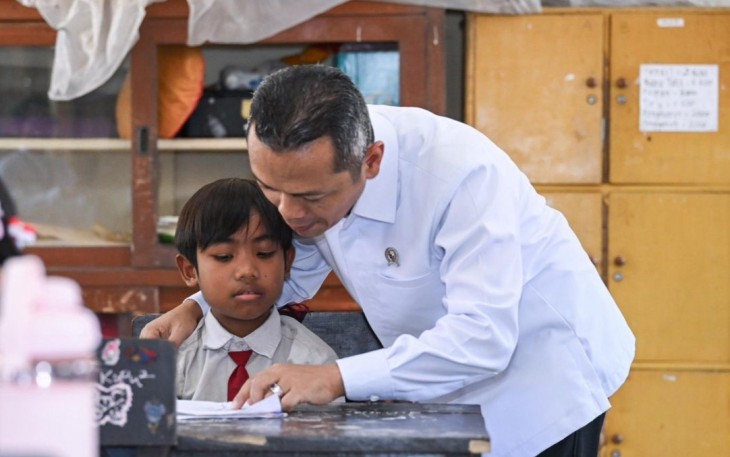 Wamendikdasmen Fajar Riza Ul Haq bersama siswa di Mataram, NTB, Senin (13/4)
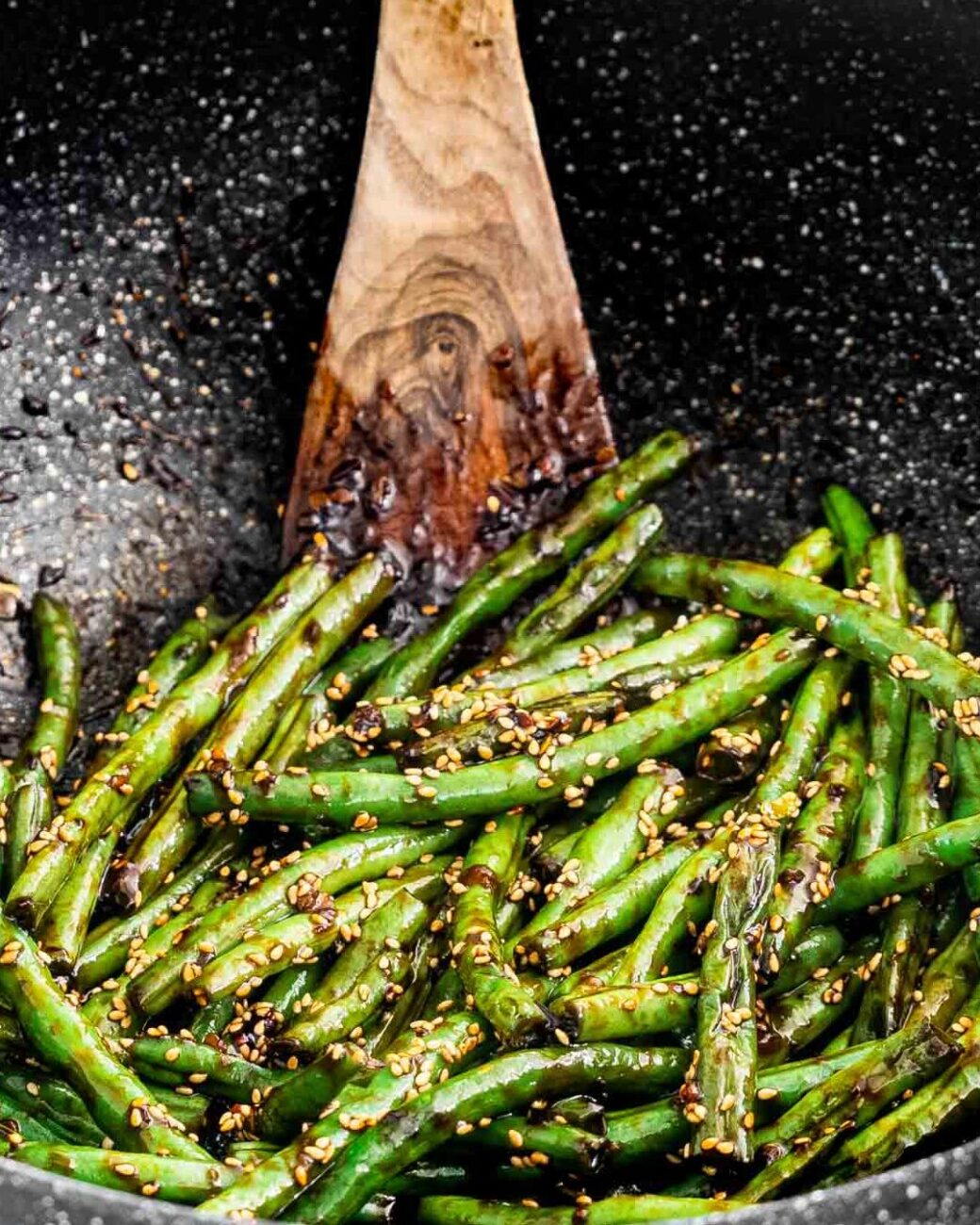 Easy Asian-Inspired Green Bean Stir-Fry Recipe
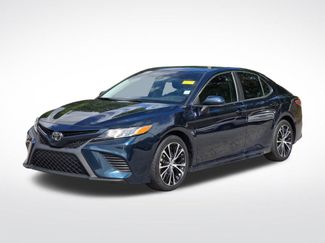 Used 2019 Toyota Camry SE FWD video 2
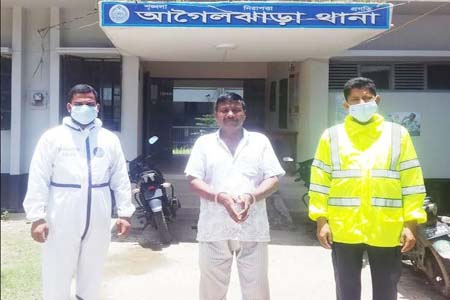 আগৈলঝাড়ায় মাদক ব্যবসায়ী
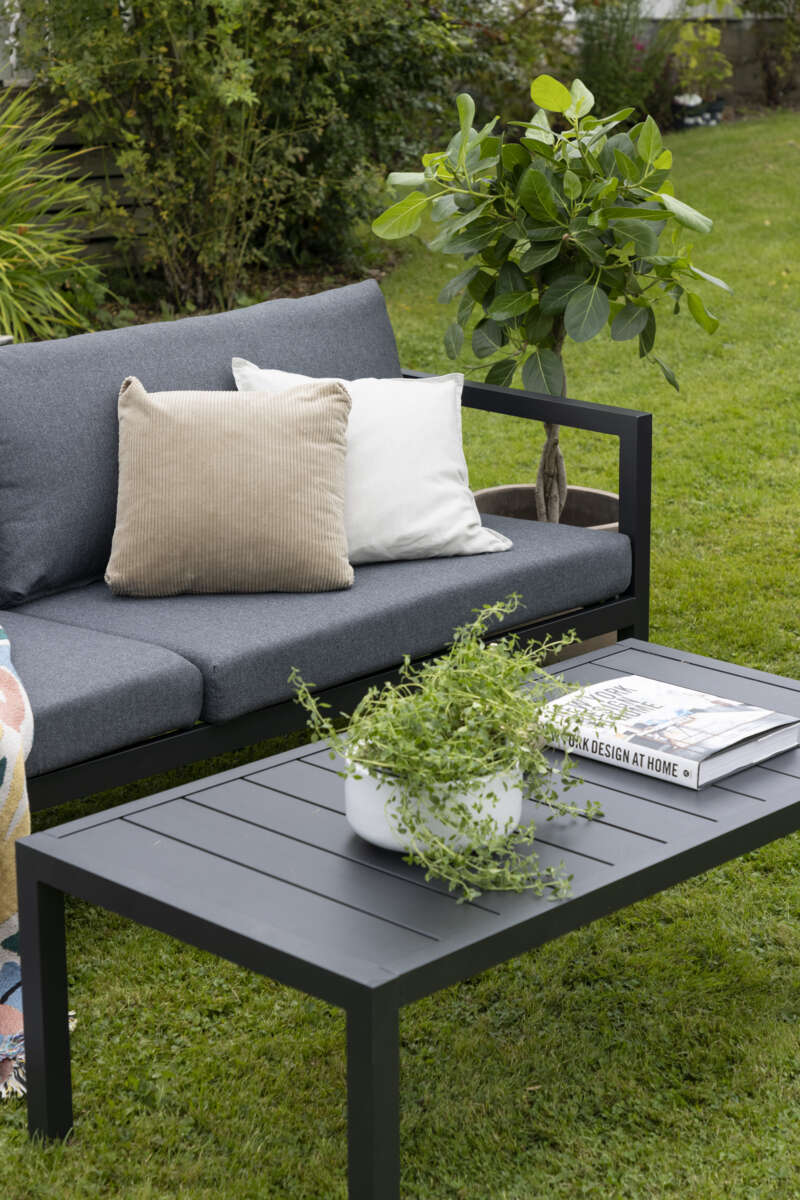 Røst sofagruppe sort og mørk grå impregnerte putetrekk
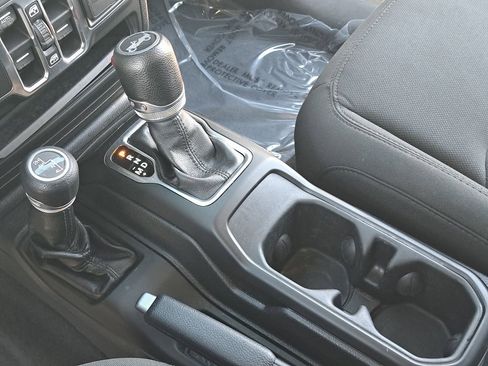 Used 2018 Jeep Wrangler Unlimited Sport S image 26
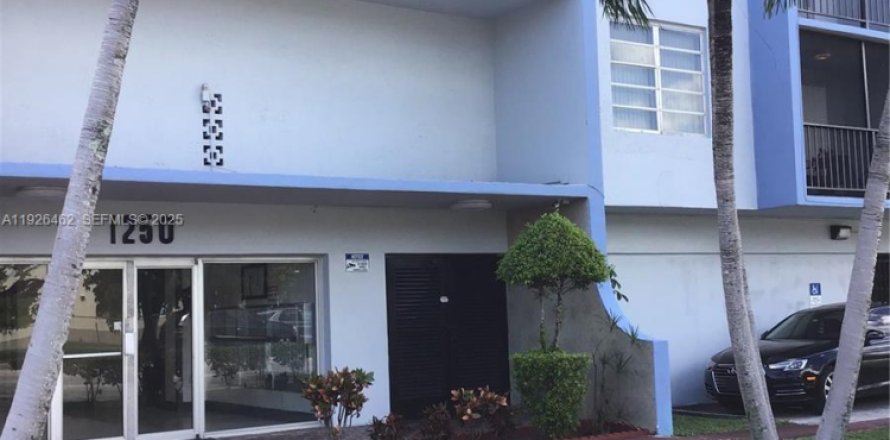 Кондоминиум с 1 спальней в Норт-Майами, Флорида № 1990246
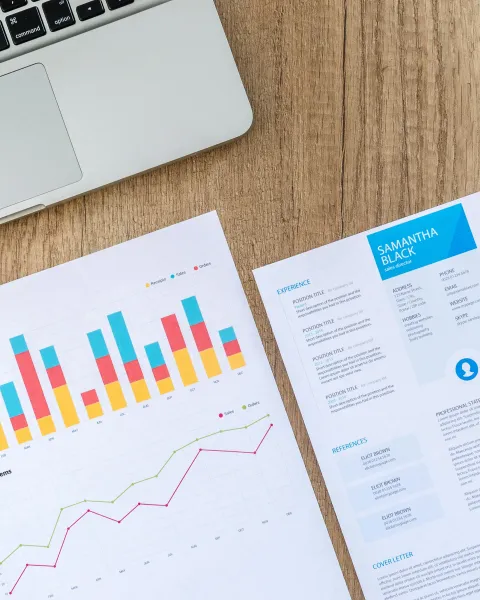 dos-informes-estadisticos-siguiendo-la-estrategia-de-marketing-de-segmentos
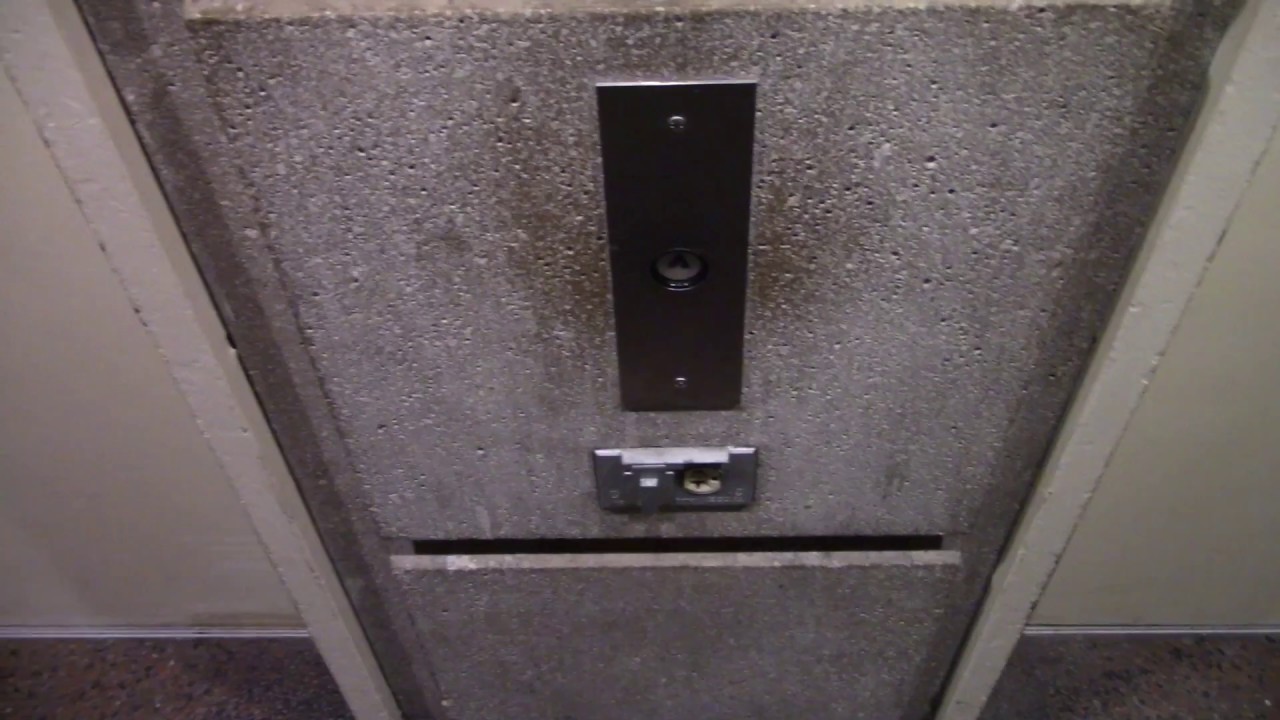 Westinghouse Traction Elevators Hilton Parking Garage in Chicago, IL YouTube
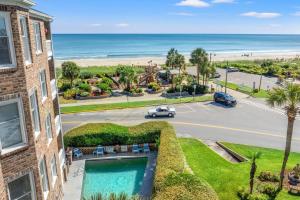 3 BR Beachfront Condo with Balcony & Stunning Views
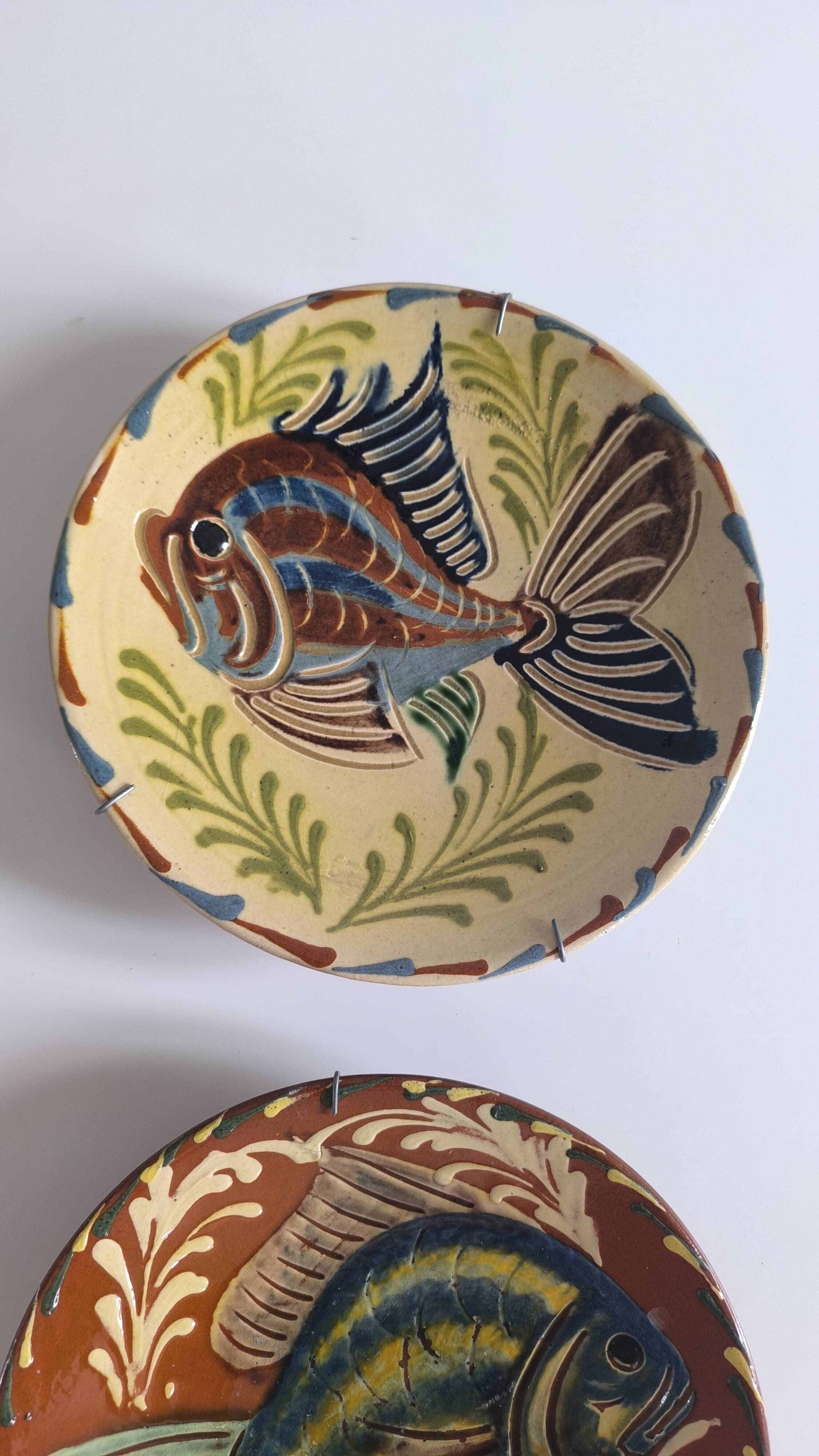 Pair of Salamo la Bisbal hollow dishes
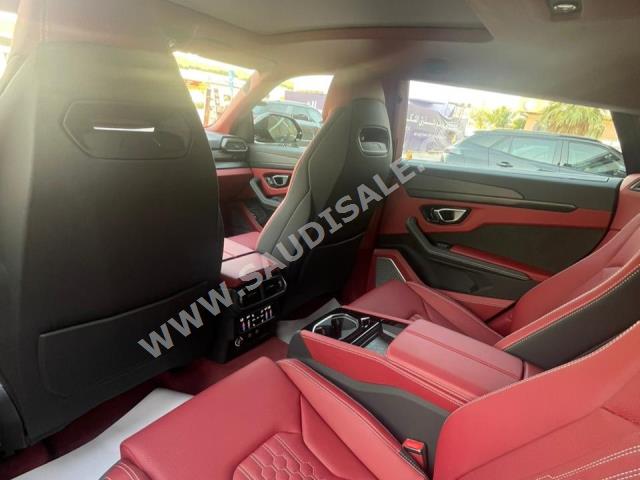 2023 لمبرجيني اوروس اس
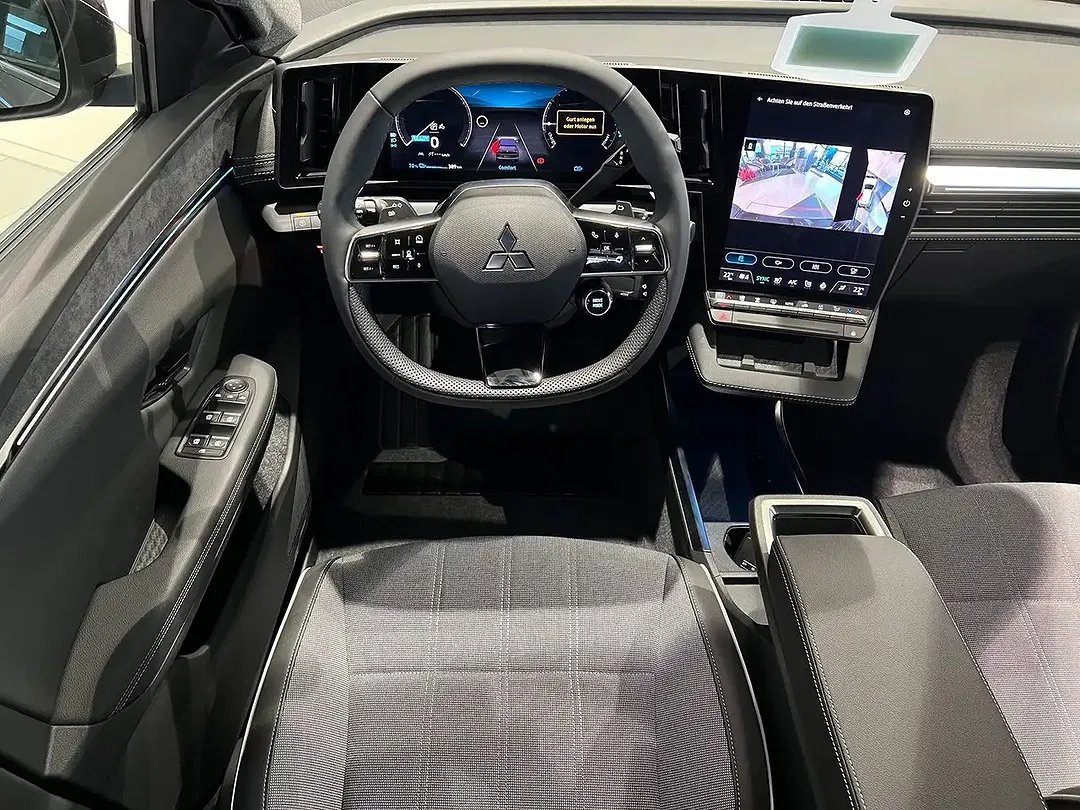 Mitsubishi Eclipse Cross - Thumbnail 14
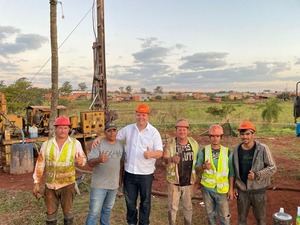 Juancho Acosta destacó récord: "En seis meses se perforaron más pozos de lo que hicieron la gobernación y la municipalidad juntos"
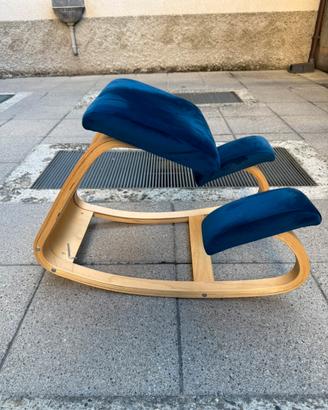 Sedia ergonomica a domdolo  in legno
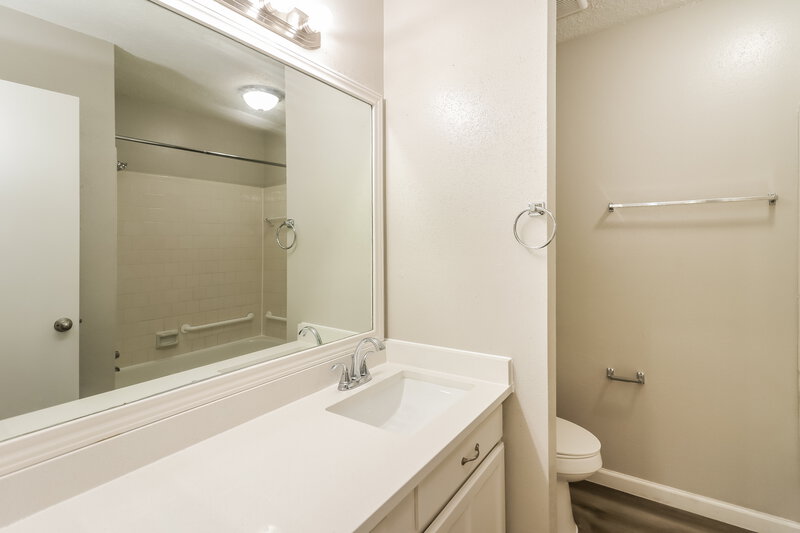 1,740/Mo, 4718 Roserock Ln Spring, TX 77388 Bathroom View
= = =
■ Exercise aim: Output each line above exactly. Skip the images.

■ Expected answer:
 Wamendikdasmen Fajar Riza Ul Haq bersama siswa di Mataram, NTB, Senin (13/4)
 Easy Asian-Inspired Green Bean Stir-Fry Recipe
 Used 2019 Toyota Camry SE FWD video 2
 আগৈলঝাড়ায় মাদক ব্যবসায়ী
 Røst sofagruppe sort og mørk grå impregnerte putetrekk
 Used 2018 Jeep Wrangler Unlimited Sport S image 26
 Кондоминиум с 1 спальней в Норт-Майами, Флорида № 1990246
 dos-informes-estadisticos-siguiendo-la-estrategia-de-marketing-de-segmentos
 Westinghouse Traction Elevators Hilton Parking Garage in Chicago, IL YouTube
 3 BR Beachfront Condo with Balcony & Stunning Views
 Pair of Salamo la Bisbal hollow dishes
 2023 لمبرجيني اوروس اس
 Mitsubishi Eclipse Cross - Thumbnail 14
 Juancho Acosta destacó récord: "En seis meses se perforaron más pozos de lo que hicieron la gobernación y la municipalidad juntos"
 Sedia ergonomica a domdolo  in legno
 1,740/Mo, 4718 Roserock Ln Spring, TX 77388 Bathroom View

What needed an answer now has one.